== About this exercise ==
Repeat the data in full and exactly. Leave the pictures out.

== Information provided ==
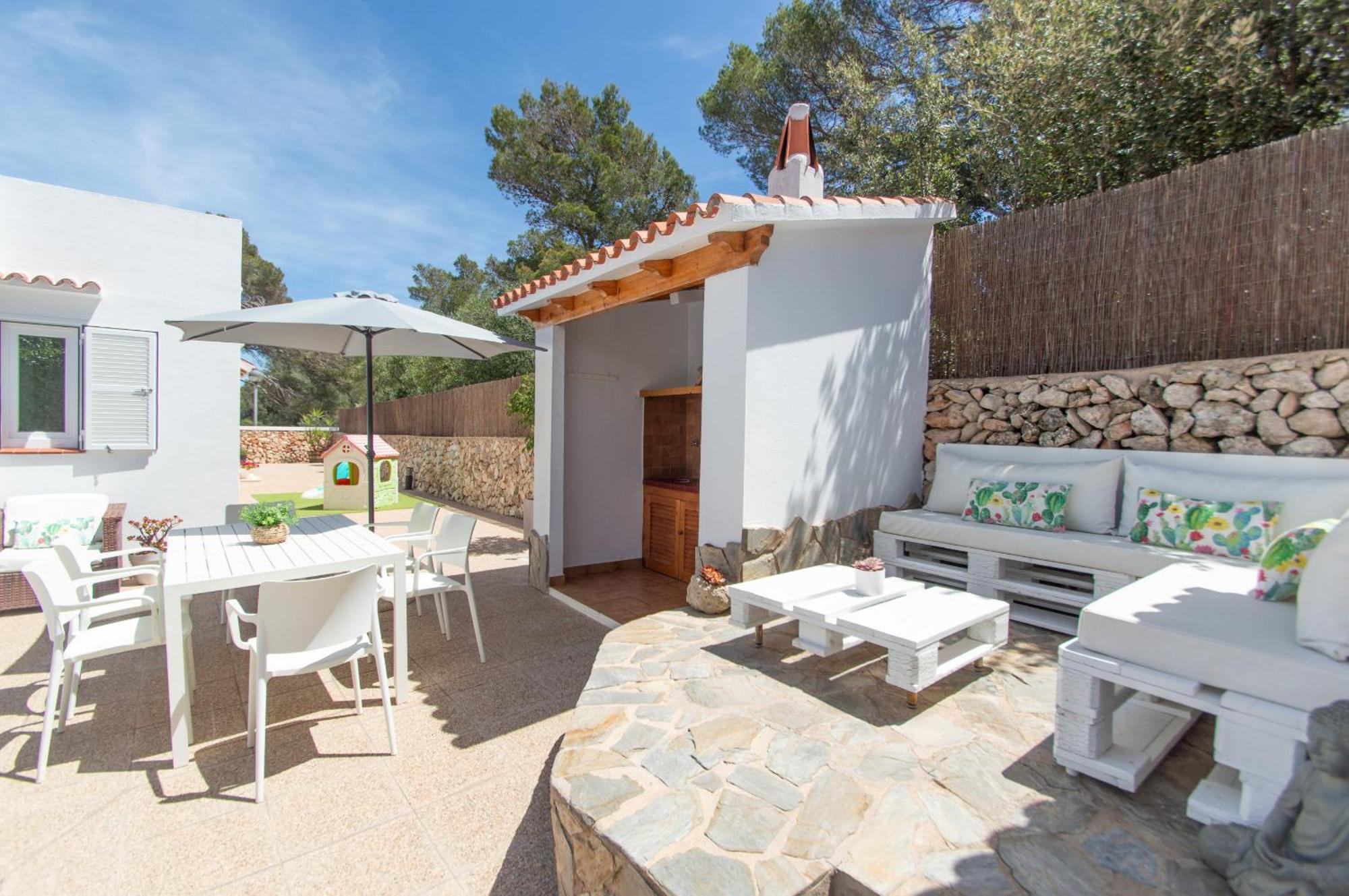 קאלה גלדנה Villa Albe By Sonne Villas מראה חיצוני תמונה
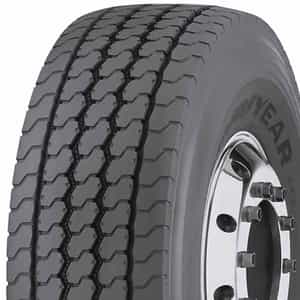 445/75 R22.5 170J Omnitrac MSS 20PR Goodyear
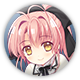 Series 1 - Minato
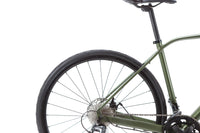 Orbea Avant H40-D Shimano Tiagra Disc Road Bike 2021, Size 53cm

== Answer to this exercise ==
 קאלה גלדנה Villa Albe By Sonne Villas מראה חיצוני תמונה
 445/75 R22.5 170J Omnitrac MSS 20PR Goodyear
 Series 1 - Minato
 Orbea Avant H40-D Shimano Tiagra Disc Road Bike 2021, Size 53cm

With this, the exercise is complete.